Il decreto inoltre stanzia “6 miliardi” per gli indennizzi alle imprese “che fatturano da zero a 5 milioni di euro e che hanno avuto un calo di fatturato del 33%, sostanzialmente la totalità”, aggiunge il ministro dello Sviluppo economico Stefano Patuanelli.

Le misure per le famiglie

Per le famiglie, è “prorogato il bonus baby sitter che potrà essere usato anche per pagare centro estivi e verrà raddoppiato per chi ancora non ne ha beneficiato. Estesi anche i congedi parentali. Attenzione per le persone affette da disabilità: per loro svariati milioni per provvedere alle loro esigenze”, spiega ancora Conte.

Altra misura contenuta nel decreto, il cosiddetto ecobonus per le ristrutturazioni: per ogni 100 euro spesi per la riqualificazione energetica è possibile uno “sconto” fiscale di 110 euro. La norma introduce un superbonus del 110%, anche per le ristrutturazioni antisismiche.

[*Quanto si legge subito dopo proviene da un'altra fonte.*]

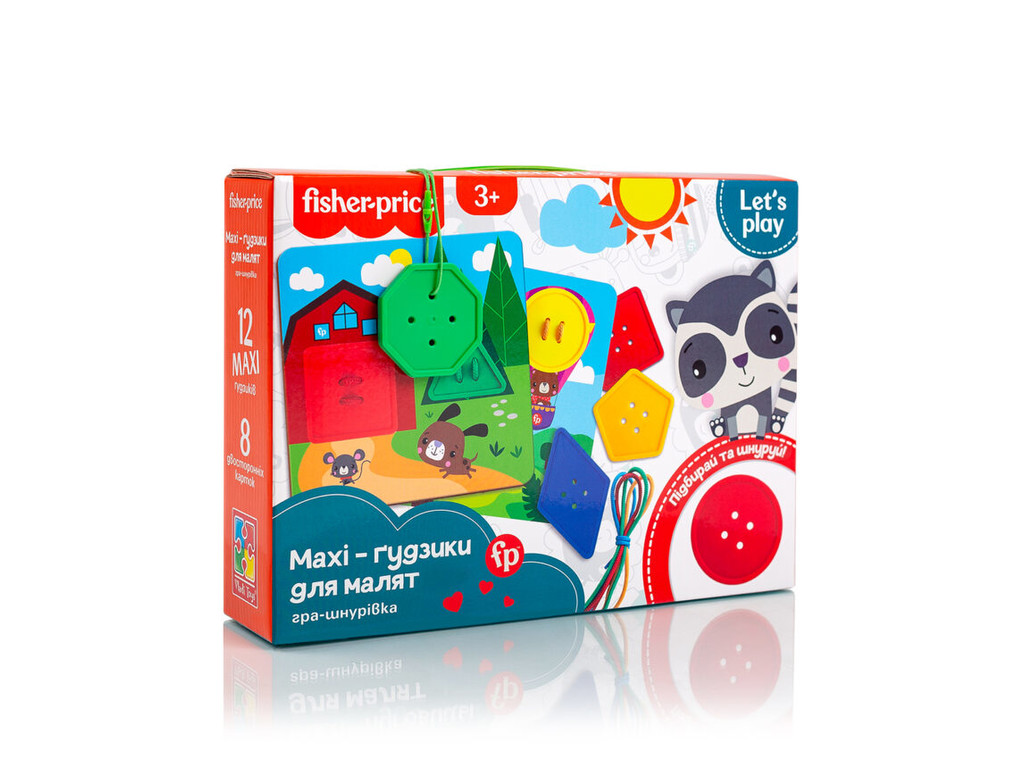 Гра-шнурівка "Fisher Price.{}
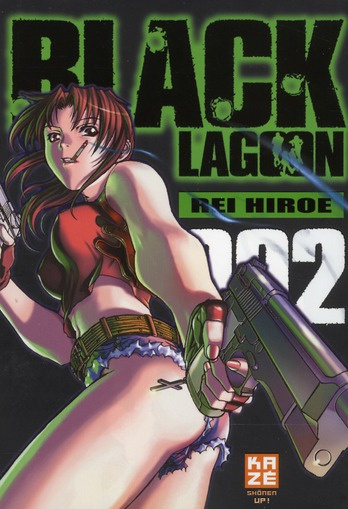 Black Lagoon Tome 2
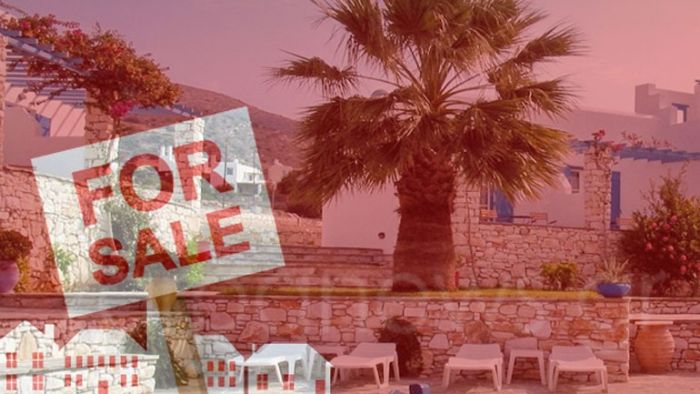 Προς πώληση πολλά ξενοδοχεία στην Κρήτη
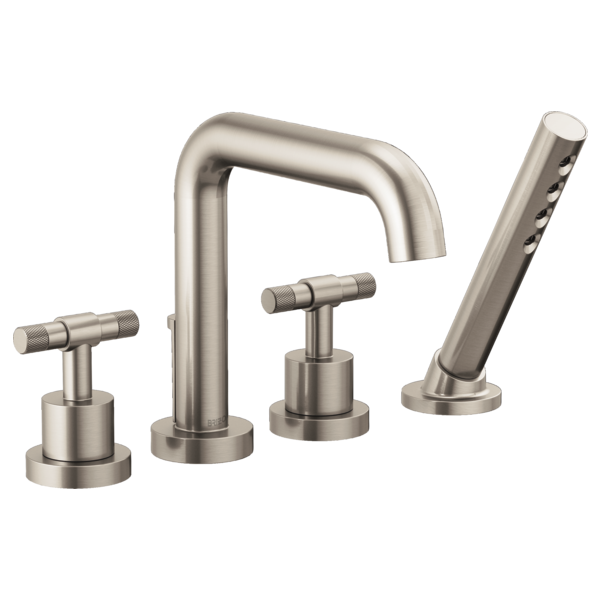 Brizo Litze T67435 Roman Tub with Handshower - Less Handles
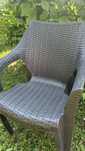 Set sase scaune de gradina model imitatie “ratan”
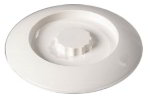 Carlisle 047642 Tortilla Server Lid, 7-1/2-in, Polypropylene, Bone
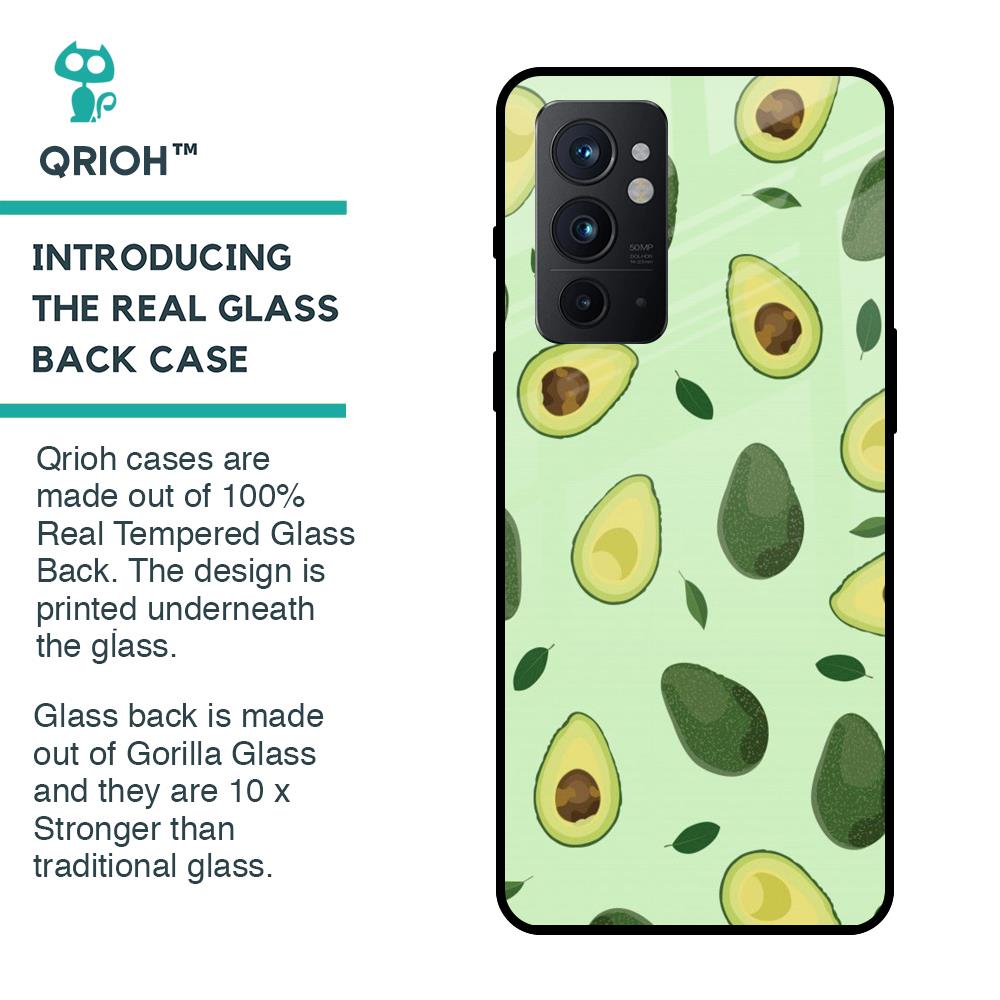 Avocado Green Glass Case For OnePlus 9RT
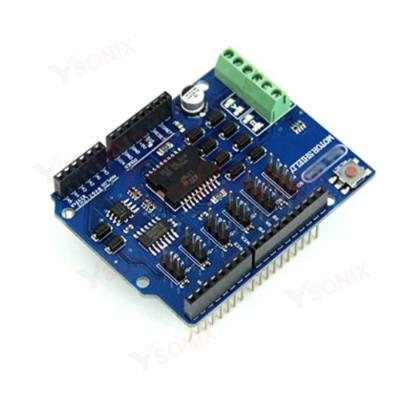 China L298P Shield R3 DC Motor Drive Module 2A H-Bridge 2 Way For Arduino UNO 2560 NW for sale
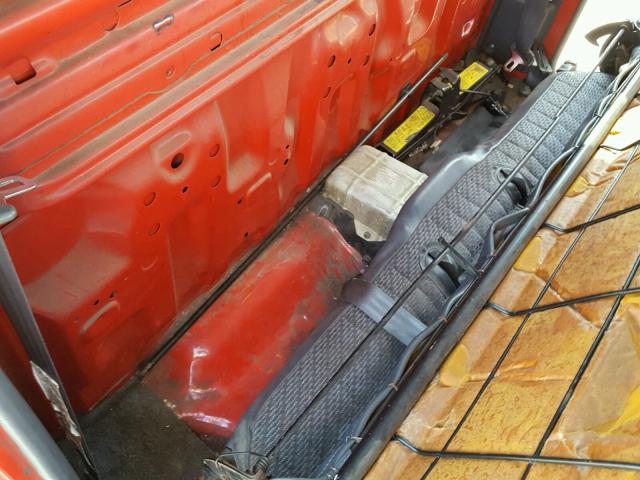 1N6SD11S3TC312543 - 1996 NISSAN TRUCK BASE RED photo 6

“Trasferimenti tra Regioni congelati. Decreto e non Dpcm per riaperture”

Infine, sul fronte delle restrizioni per gli spostamenti per contenere i contagi da coronavirus, Conte annuncia che per ora “i trasferimenti tra le Regioni sono congelati”. La buona notizia – se così si può dire – è che per le riaperture il governo farà un decreto legge e non un Dpcm: “Proporrò ai ministri di adottare un decreto legge. Sarebbe la soluzione migliore per coinvolgere più intensamente il Parlamento e perché siamo in fase di allentamento”.